- Task brief:
Return exactly the span of lines in the following data that opens with the line containing "GROHE Allure 2-Loch-WT-Wandbatterie FMS" and closes with the line containing "Autumn Whimsy –". Include nothing else.
-------- Supplied material --------
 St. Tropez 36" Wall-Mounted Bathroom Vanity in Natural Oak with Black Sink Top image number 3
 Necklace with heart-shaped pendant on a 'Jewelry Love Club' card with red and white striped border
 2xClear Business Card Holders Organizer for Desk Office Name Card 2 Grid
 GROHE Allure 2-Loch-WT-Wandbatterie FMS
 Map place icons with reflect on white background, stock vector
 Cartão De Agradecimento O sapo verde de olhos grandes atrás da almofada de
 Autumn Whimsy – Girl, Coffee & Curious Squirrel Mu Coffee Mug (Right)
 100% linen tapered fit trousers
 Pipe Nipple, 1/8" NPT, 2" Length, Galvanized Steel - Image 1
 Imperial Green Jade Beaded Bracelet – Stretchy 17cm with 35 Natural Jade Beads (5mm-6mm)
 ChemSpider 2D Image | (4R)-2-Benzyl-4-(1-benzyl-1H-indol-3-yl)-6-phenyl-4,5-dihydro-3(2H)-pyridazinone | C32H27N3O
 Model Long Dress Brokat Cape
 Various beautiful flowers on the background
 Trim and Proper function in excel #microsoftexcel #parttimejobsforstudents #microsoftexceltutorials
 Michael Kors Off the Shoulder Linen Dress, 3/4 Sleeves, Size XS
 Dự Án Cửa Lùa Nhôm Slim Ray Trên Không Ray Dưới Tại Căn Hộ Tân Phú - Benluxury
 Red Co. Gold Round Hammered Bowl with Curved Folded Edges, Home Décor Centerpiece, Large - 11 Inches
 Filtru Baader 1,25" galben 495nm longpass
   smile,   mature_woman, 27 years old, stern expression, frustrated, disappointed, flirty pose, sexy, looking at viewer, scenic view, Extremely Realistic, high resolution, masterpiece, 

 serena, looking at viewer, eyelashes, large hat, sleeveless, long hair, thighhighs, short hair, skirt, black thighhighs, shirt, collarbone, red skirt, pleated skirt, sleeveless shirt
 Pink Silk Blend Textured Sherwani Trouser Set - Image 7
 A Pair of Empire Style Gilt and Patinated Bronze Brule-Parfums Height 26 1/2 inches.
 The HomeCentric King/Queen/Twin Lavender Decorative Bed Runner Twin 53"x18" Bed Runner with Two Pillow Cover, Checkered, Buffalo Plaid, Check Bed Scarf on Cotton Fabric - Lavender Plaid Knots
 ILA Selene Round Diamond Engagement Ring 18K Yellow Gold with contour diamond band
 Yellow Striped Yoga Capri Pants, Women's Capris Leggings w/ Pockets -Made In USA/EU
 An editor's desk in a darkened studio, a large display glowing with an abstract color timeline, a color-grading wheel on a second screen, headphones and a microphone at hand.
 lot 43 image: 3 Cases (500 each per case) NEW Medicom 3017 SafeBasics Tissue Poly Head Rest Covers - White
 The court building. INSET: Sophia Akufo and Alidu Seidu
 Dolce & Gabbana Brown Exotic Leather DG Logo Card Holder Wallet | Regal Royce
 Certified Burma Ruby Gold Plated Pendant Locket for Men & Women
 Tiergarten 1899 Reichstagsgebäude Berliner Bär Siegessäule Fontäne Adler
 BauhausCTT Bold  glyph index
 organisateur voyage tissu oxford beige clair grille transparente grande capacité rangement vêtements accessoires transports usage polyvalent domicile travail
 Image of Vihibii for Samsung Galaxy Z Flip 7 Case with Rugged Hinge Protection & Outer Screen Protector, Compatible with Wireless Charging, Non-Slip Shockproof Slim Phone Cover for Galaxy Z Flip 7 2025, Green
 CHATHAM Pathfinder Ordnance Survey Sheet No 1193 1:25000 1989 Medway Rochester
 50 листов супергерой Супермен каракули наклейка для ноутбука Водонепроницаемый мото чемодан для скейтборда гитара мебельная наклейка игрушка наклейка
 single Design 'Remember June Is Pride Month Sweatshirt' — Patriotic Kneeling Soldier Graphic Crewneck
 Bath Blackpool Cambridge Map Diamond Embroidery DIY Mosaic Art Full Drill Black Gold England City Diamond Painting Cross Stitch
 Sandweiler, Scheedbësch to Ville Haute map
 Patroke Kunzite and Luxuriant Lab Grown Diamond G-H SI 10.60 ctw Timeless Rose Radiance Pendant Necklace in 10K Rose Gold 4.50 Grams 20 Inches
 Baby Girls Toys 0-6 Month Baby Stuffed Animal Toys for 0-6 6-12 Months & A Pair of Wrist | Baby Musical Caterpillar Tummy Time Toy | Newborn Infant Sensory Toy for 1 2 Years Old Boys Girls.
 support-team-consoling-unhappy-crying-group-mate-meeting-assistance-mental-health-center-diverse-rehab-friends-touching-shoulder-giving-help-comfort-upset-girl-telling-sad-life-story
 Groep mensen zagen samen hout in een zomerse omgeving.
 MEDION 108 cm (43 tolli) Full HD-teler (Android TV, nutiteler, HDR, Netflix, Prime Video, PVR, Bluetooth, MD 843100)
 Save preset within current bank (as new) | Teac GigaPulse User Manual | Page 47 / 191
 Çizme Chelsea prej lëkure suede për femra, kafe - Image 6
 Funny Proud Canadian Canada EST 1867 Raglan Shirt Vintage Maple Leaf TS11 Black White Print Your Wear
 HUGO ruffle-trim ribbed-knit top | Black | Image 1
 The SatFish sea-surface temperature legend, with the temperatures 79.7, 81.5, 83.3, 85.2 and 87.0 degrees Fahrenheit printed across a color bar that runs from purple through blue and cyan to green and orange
--------
- Answer to this exercise:
 GROHE Allure 2-Loch-WT-Wandbatterie FMS
 Map place icons with reflect on white background, stock vector
 Cartão De Agradecimento O sapo verde de olhos grandes atrás da almofada de
 Autumn Whimsy – Girl, Coffee & Curious Squirrel Mu Coffee Mug (Right)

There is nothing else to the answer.